Supplied entries:

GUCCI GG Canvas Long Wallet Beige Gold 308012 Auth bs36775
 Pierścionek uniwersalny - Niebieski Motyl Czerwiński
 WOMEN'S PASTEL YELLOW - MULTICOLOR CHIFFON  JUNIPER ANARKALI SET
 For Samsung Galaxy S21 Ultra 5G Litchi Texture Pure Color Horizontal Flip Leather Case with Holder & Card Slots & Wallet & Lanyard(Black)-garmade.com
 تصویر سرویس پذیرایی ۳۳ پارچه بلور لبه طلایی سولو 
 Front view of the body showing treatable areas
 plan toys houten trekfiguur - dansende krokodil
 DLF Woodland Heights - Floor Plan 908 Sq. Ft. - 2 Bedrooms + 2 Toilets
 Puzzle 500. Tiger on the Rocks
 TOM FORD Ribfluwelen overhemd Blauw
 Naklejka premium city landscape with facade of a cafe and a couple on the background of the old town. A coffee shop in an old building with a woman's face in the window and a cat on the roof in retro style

Task directions: The answer should be all lines from the entries above that hold the word "with".

Result:
 For Samsung Galaxy S21 Ultra 5G Litchi Texture Pure Color Horizontal Flip Leather Case with Holder & Card Slots & Wallet & Lanyard(Black)-garmade.com
 Naklejka premium city landscape with facade of a cafe and a couple on the background of the old town. A coffee shop in an old building with a woman's face in the window and a cat on the roof in retro style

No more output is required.